* **Supplied information**
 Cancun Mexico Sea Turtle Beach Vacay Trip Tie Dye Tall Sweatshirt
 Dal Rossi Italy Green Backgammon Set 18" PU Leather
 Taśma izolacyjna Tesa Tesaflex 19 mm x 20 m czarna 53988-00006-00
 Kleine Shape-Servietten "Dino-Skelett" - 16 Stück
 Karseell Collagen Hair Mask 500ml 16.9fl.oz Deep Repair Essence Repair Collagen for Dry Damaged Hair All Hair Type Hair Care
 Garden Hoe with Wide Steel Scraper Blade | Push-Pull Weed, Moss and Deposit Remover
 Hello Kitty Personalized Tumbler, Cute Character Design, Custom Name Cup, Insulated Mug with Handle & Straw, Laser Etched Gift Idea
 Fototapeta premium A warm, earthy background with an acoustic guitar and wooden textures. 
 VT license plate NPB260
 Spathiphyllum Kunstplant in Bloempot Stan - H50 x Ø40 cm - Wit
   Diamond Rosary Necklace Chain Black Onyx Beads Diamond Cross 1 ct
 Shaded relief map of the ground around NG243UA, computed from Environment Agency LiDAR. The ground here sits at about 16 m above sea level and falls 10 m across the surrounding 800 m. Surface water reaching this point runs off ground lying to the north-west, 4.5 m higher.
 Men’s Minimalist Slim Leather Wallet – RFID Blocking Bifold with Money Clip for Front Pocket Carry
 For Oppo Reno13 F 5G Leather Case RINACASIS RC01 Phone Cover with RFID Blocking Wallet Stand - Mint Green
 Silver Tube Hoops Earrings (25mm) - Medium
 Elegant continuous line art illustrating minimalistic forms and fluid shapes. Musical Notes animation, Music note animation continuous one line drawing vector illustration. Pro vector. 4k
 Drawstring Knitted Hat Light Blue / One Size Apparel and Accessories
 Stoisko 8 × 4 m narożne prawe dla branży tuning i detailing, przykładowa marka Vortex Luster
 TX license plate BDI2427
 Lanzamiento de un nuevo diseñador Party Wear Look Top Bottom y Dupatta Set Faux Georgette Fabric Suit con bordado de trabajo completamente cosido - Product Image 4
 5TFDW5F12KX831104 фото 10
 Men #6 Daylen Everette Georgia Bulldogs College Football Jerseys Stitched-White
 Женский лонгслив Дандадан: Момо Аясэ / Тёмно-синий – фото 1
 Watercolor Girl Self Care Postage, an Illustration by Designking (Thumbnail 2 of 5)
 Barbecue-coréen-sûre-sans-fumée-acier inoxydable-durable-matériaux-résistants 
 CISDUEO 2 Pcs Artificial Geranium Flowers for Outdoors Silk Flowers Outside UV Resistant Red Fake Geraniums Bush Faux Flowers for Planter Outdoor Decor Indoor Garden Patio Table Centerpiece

* **About this task**
Only a number is wanted. How many lines of the entries above carry "license"?

* **Answer section**
2